While we can run local profiles to measure these changes ourselves, we often find that our internal tests aren’t necessarily reflective of the impact changes will have in production. In a single case, we saw local improvements of nearly 750 milliseconds for a change that ended up having less than a 100 millisecond improvement on performance in production. RUM allows us to test these changes on customers, and because they’re behind feature flags we can revert back to the old changes instantly if we find an experiment has negative impacts.
Goal Setting
Once we had a system in place to track performance data, the next step to creating a delightfully fast experience for our customers was to actually define what “fast” means. While it seems like that may be as simple as choosing a target number, as we started to define these SLAs we realized there were lots of other variables we had to isolate. Do we want to measure international users or just start with users in the US? Should we be measuring background tabs? What constitutes a successful page load, and how do we know when a page is done loading?
Isolate Inconsistent Variables
When we first started measuring our applications’ performance, we ran into lots of problems with inconsistent measurements, both within a single application’s numbers as well as across applications. As mentioned above, variables like foreground versus background tabs created challenges in laying out a consistent set of performance guidelines.
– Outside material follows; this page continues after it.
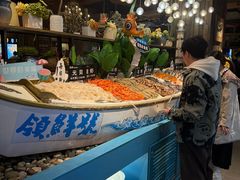 -领鲜活海鲜榴莲自助火锅(东门店)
We chose to exclude any page visits that loaded in background tabs, as they’re heavily throttled by browsers and aren’t an accurate representation of our performance. We are also currently excluding international users from our SLAs, though we plan to change this in the future. While we don’t currently have international data centers outside of the US, once our backend supports multi-region replication we’ll likely start to include international data in our measurements as that data will become more meaningful, whereas today we’d be measuring our users’ distance from our data center.
Set Aggressive Goals
While the conventional wisdom suggests choosing smaller, easily attainable goals, we found that without aggressive performance requirements teams would not be as motivated to meet them; the farther away the goal the more motivated teams were to try and meet it. Additionally, we intend to continue to move these targets as more teams get into SLA. While these goals are very aggressive, especially for business applications of our size, we feel that providing a consumer-grade experience of a fast, responsive app is non-negotiable in building modern software.
On the frontend we require that 75% of all page loads for an application finish in less than 2 seconds. Teams are taking a myriad of technical approaches to achieve this, from long-lived asset caches to code splitting, and more. On the backend, 75% of API requests must complete in less than 100 milliseconds. In the last year we’ve become keenly aware that frontend performance has a strong correlation with backend performance. Without a performant, properly architected backend there is no way for the frontend to be performant. Additionally, with our new efforts to treat external integrators on our platform as top-level users, API performance has never been more important.
Results
While the technical details will fill several future blog posts, we’ve been able to combine many strategies including caching expensive work, preventing excessive re-rendering of components, aggregating data fetching via GraphQL or purpose-built aggregator REST endpoints, and aggressive code splitting and JavaScript caching to drastically improve the performance of our applications. Since the start of this project, the number of user-facing apps within the SLA mentioned above has increased from about 5% to nearly 50%, and our apps that aren’t passing are still making notable progress. In one case, our CRM application mentioned earlier, we have seen our 75th percentile load times decrease from around 10 seconds to about 4.5 seconds, and those times are continuing to fall.
Though we have a long way to go, our teams have made an impressive amount of progress in just one year while simultaneously managing to ship new products and provide value to our customers. We’re excited to see our engineers continue to provide investment in this area and discover new ways to provide fast, delightful experiences to our users.